In order to fight superstition and debunk some of the unlucky beliefs, the Thirteen Club was established in 1880. Among their main goals, they wanted to unroot superstitious beliefs from society, especially politics, where 13 people at table were supposed to bring about bad luck.
Within 7 years, this secret society had some 400 members. Over time, five U.S. President joined of the Thirteen Club as honorary members, that being William McKinley, Chester Arthur, Benjamin Harrison, Grover Cleveland, and Theodore Roosevelt.
On December 13, 1886, Robert Green Ingersoll ended his toast with these famous words:
“We have had enough mediocrity, enough policy, enough superstition, enough prejudice, enough provincialism, and the time has come for the American citizen to say: ‘Hereafter I will be represented by men who are worthy, not only of the great Republic, but of the 19th century’.”
Indeed, as centuries went by and we learned more and more about the universe with the help of science and reason, superstitious beliefs have often been mistrusted, or even treated as silly or childish.

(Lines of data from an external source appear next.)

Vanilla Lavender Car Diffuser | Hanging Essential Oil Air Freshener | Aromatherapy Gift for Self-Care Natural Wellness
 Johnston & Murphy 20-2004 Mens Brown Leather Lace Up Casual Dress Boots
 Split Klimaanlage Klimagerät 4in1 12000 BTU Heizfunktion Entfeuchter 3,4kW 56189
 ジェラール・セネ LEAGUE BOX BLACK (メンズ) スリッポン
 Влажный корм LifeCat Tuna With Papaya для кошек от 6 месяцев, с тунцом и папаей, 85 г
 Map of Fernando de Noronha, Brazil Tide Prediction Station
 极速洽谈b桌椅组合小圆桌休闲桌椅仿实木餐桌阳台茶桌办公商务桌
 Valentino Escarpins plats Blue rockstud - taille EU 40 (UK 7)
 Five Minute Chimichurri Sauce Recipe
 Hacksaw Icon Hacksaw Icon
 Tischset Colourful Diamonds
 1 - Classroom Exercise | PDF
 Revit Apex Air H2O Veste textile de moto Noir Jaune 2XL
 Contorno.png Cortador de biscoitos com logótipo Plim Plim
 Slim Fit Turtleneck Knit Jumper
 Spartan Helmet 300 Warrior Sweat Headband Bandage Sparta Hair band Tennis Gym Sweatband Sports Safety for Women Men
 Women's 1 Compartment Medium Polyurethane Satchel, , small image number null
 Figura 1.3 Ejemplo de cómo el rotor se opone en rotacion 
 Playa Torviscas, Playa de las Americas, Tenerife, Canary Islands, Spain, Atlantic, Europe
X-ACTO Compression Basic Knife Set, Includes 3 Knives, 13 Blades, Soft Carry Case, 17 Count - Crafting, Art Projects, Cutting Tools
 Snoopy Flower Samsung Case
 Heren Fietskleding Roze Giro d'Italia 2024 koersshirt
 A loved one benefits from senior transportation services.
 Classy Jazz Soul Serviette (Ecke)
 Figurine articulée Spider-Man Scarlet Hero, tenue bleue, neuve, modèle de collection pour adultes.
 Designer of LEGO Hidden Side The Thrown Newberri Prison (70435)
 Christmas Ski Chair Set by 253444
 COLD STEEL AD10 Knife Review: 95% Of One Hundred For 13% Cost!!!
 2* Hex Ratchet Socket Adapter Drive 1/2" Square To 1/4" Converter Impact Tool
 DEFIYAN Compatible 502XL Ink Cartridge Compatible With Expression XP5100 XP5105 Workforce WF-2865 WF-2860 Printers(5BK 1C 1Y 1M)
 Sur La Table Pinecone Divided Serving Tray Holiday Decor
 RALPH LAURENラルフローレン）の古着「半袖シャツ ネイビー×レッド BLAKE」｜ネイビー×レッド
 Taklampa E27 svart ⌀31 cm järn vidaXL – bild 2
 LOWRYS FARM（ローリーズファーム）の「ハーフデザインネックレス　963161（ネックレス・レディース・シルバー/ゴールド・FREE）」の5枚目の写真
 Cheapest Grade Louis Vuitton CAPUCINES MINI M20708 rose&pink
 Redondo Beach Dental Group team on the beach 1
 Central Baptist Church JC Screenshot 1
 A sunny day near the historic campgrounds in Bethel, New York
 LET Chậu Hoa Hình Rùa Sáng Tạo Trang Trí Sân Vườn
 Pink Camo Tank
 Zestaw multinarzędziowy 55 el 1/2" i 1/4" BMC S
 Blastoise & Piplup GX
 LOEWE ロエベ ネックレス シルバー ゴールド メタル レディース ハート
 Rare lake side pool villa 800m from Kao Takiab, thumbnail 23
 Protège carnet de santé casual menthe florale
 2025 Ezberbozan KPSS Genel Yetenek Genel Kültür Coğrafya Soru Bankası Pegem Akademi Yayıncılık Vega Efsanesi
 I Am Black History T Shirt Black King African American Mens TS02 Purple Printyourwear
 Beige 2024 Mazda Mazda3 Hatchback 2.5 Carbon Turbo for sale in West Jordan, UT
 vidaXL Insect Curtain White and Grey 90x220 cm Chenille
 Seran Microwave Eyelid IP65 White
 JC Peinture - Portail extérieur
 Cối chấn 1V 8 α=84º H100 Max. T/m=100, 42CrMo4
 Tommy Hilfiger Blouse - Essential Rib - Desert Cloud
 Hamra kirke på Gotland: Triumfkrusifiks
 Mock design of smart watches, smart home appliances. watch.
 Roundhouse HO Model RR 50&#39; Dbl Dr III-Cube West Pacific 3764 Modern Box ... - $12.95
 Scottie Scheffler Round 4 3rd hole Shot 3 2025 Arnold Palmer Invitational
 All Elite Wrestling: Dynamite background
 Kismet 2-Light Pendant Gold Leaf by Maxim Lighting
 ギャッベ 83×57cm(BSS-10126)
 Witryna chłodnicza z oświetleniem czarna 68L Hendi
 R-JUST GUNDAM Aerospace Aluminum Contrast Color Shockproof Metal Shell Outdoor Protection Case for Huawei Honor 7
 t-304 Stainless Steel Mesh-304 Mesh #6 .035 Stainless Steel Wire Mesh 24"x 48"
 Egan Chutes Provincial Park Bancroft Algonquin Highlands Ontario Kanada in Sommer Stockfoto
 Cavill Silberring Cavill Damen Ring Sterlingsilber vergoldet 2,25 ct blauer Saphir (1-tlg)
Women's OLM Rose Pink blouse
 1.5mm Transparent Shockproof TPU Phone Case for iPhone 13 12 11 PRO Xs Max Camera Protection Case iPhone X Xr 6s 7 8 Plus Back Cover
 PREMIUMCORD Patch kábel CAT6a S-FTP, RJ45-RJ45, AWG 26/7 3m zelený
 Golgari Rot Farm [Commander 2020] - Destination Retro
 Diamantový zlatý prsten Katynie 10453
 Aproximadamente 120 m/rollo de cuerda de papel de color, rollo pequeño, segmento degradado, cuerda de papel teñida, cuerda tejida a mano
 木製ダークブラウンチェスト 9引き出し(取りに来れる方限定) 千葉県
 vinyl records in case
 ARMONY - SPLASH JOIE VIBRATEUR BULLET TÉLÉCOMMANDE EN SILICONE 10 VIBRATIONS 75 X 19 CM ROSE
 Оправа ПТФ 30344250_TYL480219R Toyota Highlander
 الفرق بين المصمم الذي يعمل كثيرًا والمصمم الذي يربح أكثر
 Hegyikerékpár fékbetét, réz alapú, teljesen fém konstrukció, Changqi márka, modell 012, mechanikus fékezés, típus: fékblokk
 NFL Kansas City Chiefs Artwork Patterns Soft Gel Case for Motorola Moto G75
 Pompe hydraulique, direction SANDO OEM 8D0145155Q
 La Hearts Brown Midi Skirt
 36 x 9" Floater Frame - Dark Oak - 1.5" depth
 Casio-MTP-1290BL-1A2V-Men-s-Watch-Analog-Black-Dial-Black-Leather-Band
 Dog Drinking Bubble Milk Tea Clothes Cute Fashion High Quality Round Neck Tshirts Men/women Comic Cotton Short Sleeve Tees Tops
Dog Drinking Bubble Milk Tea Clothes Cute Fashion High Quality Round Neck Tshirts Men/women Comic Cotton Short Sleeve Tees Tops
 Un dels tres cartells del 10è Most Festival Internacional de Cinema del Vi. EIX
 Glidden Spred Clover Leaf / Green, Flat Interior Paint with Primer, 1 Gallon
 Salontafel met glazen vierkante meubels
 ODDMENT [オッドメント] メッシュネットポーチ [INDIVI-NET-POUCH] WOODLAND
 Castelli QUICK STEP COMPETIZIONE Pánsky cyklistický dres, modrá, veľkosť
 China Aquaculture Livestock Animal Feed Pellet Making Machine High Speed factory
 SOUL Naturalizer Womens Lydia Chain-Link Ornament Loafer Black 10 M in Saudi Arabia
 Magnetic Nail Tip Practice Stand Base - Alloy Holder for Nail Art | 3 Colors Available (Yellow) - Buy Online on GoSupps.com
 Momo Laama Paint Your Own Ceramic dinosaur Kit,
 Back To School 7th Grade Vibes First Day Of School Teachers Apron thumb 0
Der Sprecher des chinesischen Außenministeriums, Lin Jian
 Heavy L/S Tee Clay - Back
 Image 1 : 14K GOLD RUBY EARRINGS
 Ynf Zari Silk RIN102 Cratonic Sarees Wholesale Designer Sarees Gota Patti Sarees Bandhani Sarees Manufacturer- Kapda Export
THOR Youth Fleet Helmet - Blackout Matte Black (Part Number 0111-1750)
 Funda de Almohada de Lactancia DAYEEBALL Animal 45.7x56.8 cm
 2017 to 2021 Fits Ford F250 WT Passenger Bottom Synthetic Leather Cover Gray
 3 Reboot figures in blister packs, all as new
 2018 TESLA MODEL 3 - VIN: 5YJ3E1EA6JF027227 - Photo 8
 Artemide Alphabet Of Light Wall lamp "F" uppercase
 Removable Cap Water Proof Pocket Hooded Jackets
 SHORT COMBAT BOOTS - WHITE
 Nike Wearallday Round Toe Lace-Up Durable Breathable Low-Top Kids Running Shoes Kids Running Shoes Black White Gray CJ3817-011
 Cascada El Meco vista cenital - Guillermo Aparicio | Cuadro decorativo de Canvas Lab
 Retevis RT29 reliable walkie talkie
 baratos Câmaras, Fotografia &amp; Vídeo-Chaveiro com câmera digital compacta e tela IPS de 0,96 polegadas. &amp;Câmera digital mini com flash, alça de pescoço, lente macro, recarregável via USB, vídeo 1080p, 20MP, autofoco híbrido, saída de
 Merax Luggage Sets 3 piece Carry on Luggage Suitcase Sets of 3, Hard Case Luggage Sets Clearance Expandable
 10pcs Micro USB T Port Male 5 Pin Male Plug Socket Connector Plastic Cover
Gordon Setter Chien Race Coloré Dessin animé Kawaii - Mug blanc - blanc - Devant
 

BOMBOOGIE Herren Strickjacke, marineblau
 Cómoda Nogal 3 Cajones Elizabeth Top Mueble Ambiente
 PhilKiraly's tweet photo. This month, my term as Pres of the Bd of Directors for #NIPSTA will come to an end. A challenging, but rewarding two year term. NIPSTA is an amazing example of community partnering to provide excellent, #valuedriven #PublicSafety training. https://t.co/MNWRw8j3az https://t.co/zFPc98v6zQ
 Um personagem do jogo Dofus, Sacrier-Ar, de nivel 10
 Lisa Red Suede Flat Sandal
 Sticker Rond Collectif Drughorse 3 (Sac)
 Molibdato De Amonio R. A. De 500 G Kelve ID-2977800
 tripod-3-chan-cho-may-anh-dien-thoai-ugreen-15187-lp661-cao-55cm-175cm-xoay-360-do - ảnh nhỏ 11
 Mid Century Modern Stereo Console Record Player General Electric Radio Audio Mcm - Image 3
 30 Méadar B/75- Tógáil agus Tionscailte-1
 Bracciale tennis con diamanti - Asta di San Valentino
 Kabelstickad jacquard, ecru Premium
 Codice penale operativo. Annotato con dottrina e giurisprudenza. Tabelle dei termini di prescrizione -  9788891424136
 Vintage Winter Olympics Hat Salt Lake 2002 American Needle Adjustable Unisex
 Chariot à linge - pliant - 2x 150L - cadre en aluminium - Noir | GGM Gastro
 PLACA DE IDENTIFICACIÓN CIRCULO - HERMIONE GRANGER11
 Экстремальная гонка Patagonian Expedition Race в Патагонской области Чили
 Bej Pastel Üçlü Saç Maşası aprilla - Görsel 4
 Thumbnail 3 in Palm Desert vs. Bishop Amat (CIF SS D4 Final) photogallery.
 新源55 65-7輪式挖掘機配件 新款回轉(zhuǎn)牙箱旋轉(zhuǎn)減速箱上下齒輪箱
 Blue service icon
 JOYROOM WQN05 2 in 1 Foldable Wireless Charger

Fortunately or not, the Thirteen Club didn’t manage to get rid of Friday the 13th’s cultural connotations with their 13-guest dinners. Almost 150 years later, the unlucky day is still a common part of culture, along with other superstitions and myths.
Friday the 13th
As of now, historians haven’t reached any kind of consensus regarding the origins of the Friday the 13th superstition. In reality, the roots can be tracked to a plethora of sources, including Norse mythology, Christianity, Knights Templar, or the Canterbury Tales.
Despite the Thirteen Club’s attempts, this myth is still present in modern societies, though not so often taken seriously – it’s most commonly used as inspiration for horror movie franchises, fiction novels, and numerous conspiracy theories.
The greatest threat of Friday the 13th today is auto-suggestion: if you strongly believe that bad things are about to happen, you might misinterpret some events, look for signs of trouble, or suffer from anxiety. We can only hope that age-old stories won’t stop you from having a good time on a Friday night – be it the 13th or not.